In The Silence of the Lambs, Clarice Starling never delivers speeches about her determination or courage. Instead, Thomas Harris shows us who she is through her actions: descending into Buffalo Bill’s basement despite her terror, maintaining composure during Hannibal Lecter’s psychological games, pursuing the case even when her superiors dismiss her. We learn about her resilience not through self-description but through watching her refuse to quit when everything screams at her to run.
Use the small moments too. How does your character treat the waitress? What do they do when they think no one’s watching? These revealing details build authenticity. In The Girl with the Dragon Tattoo, Stieg Larsson doesn’t tell us Lisbeth is brilliant. He shows her hacking systems, memorizing details, surviving on her own terms. He doesn’t explain her trauma; he shows us her wariness around men, her defensive body language, the way she controls every interaction.
The character emerges through accumulated detail and action.
Avoiding Common Traps
Beware the “Strong Female Character” who has no vulnerabilities, the “Damaged Detective” whose trauma is just aesthetic flavouring, the “Brooding Bad Boy” whose toxicity is romanticized without consequence, or the “Quirky Manic Pixie” who exists only to fix the protagonist. These aren’t characters; they’re functionalities masquerading as humans.
Importantly, just don’t focus on your leads: give your supporting cast their own contradictions, desires, and blind spots. Even your antagonist—whether rival, villain, or romantic obstacle—should believe they’re justified in their actions. No one wakes up thinking they’re the bad guy.
The best villains are the heroes of their own stories.
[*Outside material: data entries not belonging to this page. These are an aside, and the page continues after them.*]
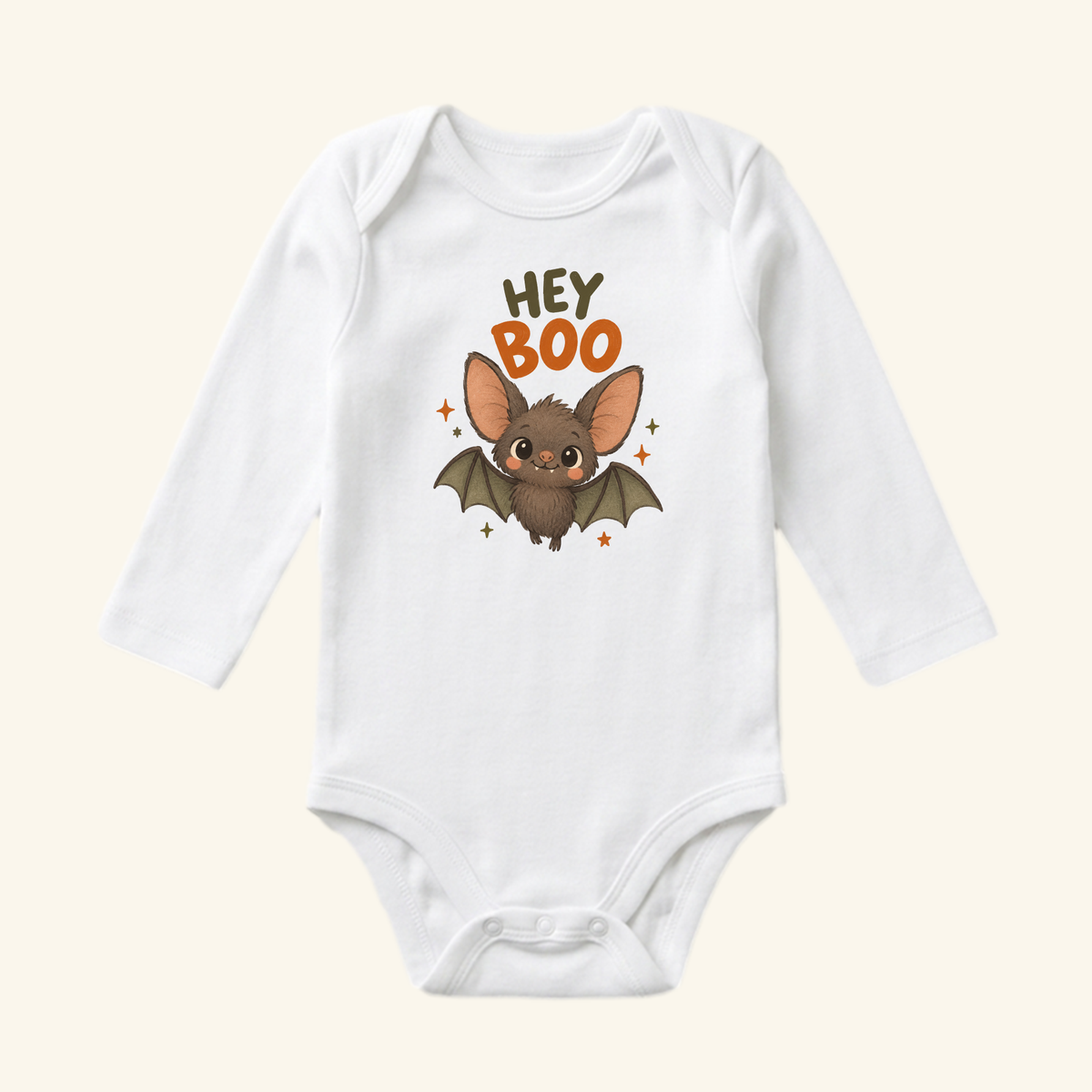 White long-sleeved Hey Boo Bat Baby Halloween Onesie – Cute Bat Bodysuit featuring a smiling bat illustration and the text HEY BOO.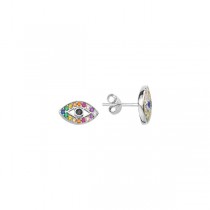 Sterling Silver Rhodium Plated Evil Eye Stud Earrings With Multi Color CZ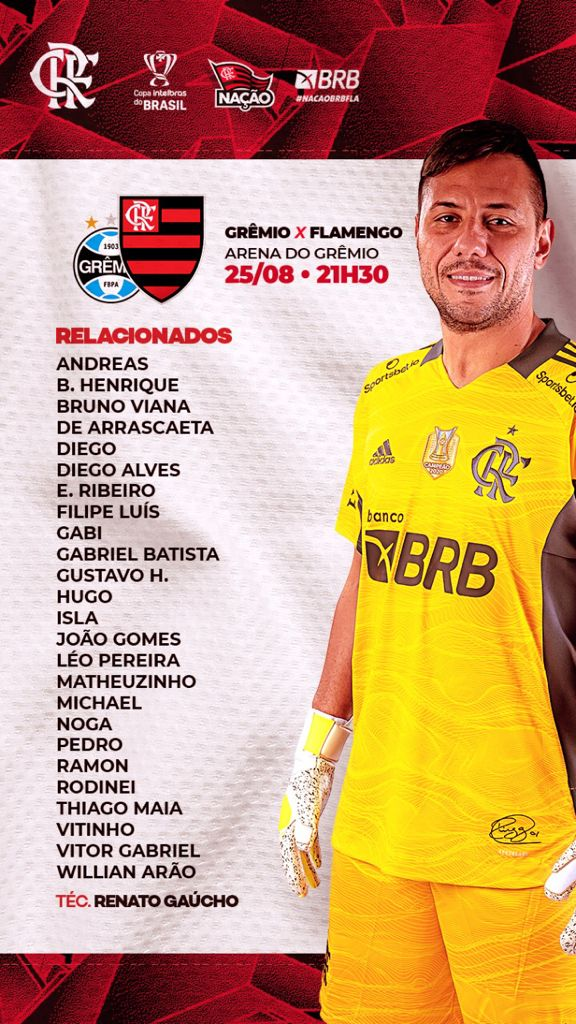 Flamengo divulga lista de relacionados para o duelo contra o Grêmio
Hannibal Lecter possesses a refined aesthetic sensibility and operates by his own twisted code of ethics. President Snow in The Hunger Games genuinely believes he’s maintaining order and preventing chaos—his cruelty serves what he perceives as the greater good, despite being insane. Amy Dunne believes she’s evening the scales of justice, punishing those who wronged her. In Tana French’s In the Woods, the damaged detective becomes unreliable precisely because his trauma makes perfect internal sense to him—he’s not lying; he genuinely can’t remember. These characters terrify or compel us precisely because their internal logic is consistent, even when their actions are monstrous or morally bankrupt.
The Essential Truth
Creating characters readers love or hate requires one fundamental commitment: treat them as people first, plot devices second. Know their histories, their habits, the songs that make them cry. Understand what they’d never forgive and what they’re secretly ashamed of.
Gillian Flynn knew exactly what made Nick Dunne feel emasculated. Suzanne Collins understood why Katniss chose the colour of Prim’s favourite dress for the photo shoot. Stieg Larsson knew the exact specifications of Lisbeth Salander’s computers and why she needed that level of control. Dennis Lehane understood the specific Boston neighbourhood that shaped his detectives’ worldview. These details might not appear directly on the page, but they inform every scene. When you know your characters this intimately, they’ll surprise you—and those surprises, those moments of authentic human behaviour that even you didn’t anticipate, are precisely what make readers fall in love.
Start with contradiction. Add emotional stakes. Build a meaningful arc. Show through action. Avoid reducing characters to tropes. And above all, know that readers will forgive almost anything except characters who don’t feel real.
Because in the end, we don’t remember the plots. We remember the people.
And don’t forget to have fun doing it!